What is termed "a comprehensive new survey of Ireland's indigenous technology companies today shows a significant rise in confidence levels, with 81.5% stating that they were more confident about their business than they were three months ago; this compares to 62.5% in August last year. However, despite significant successes, not enough Irish companies are making it big. Opportunities for collaboration between indigenous companies and global players based here needs to be exploited and access to finance must be improved."

The Irish Software Association says the index [pdf] which is published in association with Tenego Partnering, examines the health of the sector and business sentiment among indigenous digital tech companies. It also identifies key growth opportunities.

CSO data show that 81,000 were employed in the 'Information and Communication' in Q1 2014 up 4,000 on Q1 2013 while 'Professional, scientific and technical activities' numbers rose from 104,000 to 116,000.

Gartner, the US IT research firm, has estimated that only about half of the staff in Irish-based Information and Communication firms are technology professionals.

The ISA says that there are 1,056 technology companies located in Ireland, ranging from startups and SMEs, to large international and multinational companies, "with an ever-growing number of Irish owned multinationals." Over 103,000 people are directly employed in both Irish owned and foreign direct investment (FDI) technology companies in Ireland. "With the number of Irish owned technology companies continuing to grow, we have now estimated 806 indigenous companies, with total annual revenues over of €1.8bn," up from 730 in 2013.

39% of the indigenous companies have less than 10 employees and while the report says: "Ireland has a strong throughput of startup companies, supported by 25 incubation centres, alongside numerous enterprise development and accelerator programmes across the country. In 2013/2014, 220 companies were accepted into these programmes, with 71% of companies successfully bringing a product/service to market," there is not useful data on startups.

Enterprise Ireland has told Finfacts in the past that the tech companies it supports had a 90% survival rate over a decade, the failure rate in the US has been reported as high as 90%.

There are over 15 venture capital and investment organisations investing in the digital and software technology sector.
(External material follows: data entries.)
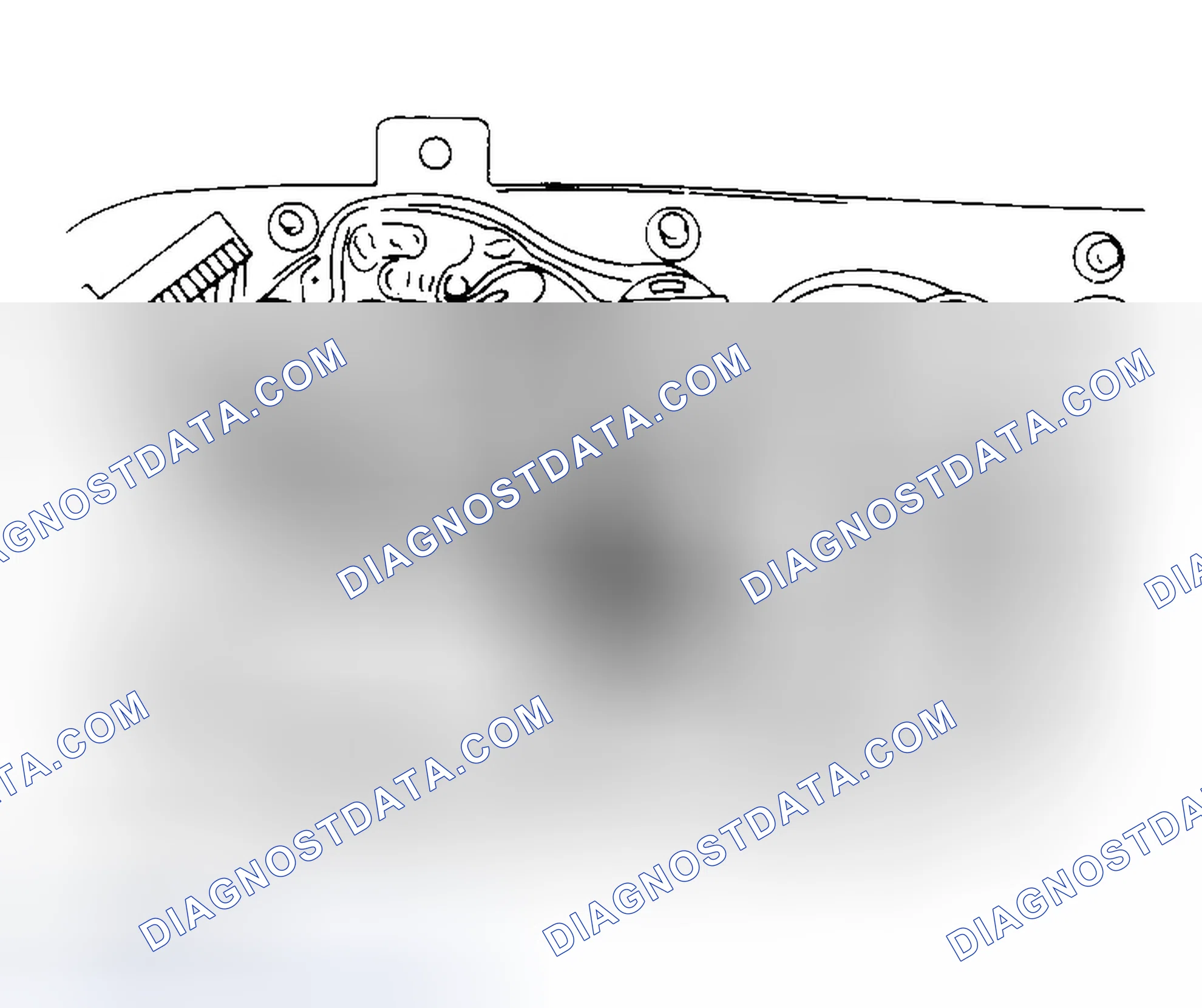 Scheme 2: CHECK ENGINE LIGHT RESET - PROCEDURE 2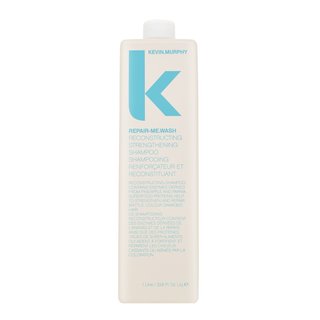 Kevin Murphy Repair-Me.Wash šampon za krepitev za suhe in poškodovane lase 1000 ml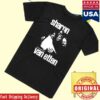 kenny Sharon Van Etten Merch Store Family Band Shirts
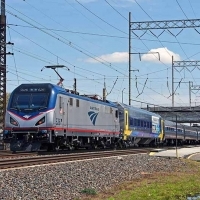 A Siemens Mobility történelmi 3,4 milliárd dollár értékben szerződött az Amtrak amerikai nemzeti vasúttársasággal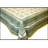 Opperman Floral 100% Cotton Tablecloth-941407400-941407403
As in Europe, public funding of about 40% of VC investments is provided by the Irish Government.

72% of indigenous firms have annual revenues of less than €1m.

The estimate of Irish-owned firm employment is over 10,000 and the report says  "respondents representing in excess of 5,000 employees participated."

The survey found that confidence is high, with 81.5% of respondents stating they were more confident about their business than they were three months ago, 94% stated they expected revenues to increase over the coming three months, and 87% expected an increase in export revenues. R&D expenditure is expected to rise for 67% of participants, up from 58% in August 2013, and company profitability is expected to rise for 70%, compared to 66% in August 2013. On a less positive note, almost 17% of respondents indicated that their input costs have increased between August 2013 and Q1 2014.

Collaboration: In relation to opportunities for indigenous technology companies to grow their business, collaboration with the foreign direct investment (FDI) community here was identified providing major growth potential. In the survey:

  • Licensing unused IP: 88% indicated that licensing unused IP to indigenous companies on preferential terms would be beneficial;
  • In-company executive education: 72% of participants said that they would benefit from in-company executive education programmes;
  • Bundling/licensing of products: 70% expressed their belief in the value of bundling/licensing of FDI and indigenous company products as a single offering.

Edel Creely, ISA chair and managing director of Trilogy Technologies said: "The sector is powering ahead. Ireland's strong international reputation means new indigenous companies are setting up and multinationals are being attracted by the competitive business environment and availability for skilled labour. But key challenges need to be addresses for the sector to fully realise its potential.

"Access to finance remains a challenge, the Central Bank numbers show that the level of credit outstanding for the technology sector has been largely unchanged over the last two years, despite growth in the sector. The tech industry has benefitted from the experience of successful entrepreneurs investing and advising new start-ups, but more need to ensure they have adequate access to finance. Government must enhance tax-based investment schemes and the venture capital environment, as well as introduce state-backed capital funds.

Donagh Kiernan, founder and CEO of Tenego Partnering said: "Ireland ranks first for availability of skilled labour, however, the skills demand in the sector remains a concern. Industry must continue to work with government and the education institutions to increase the uptake of STEM subjects, and provide quality conversion course to ensure people have the right skills. We must also encourage the development of critical communications and broader business skills."

"The technology sector has proven to be resilient and innovative during the crisis. This survey shows how confidence continues to grow across the board in the industry with as many as 87% expecting an increase in exports. However we must not be complacent. By showing leadership business will be able to deliver more jobs and sustainable growth."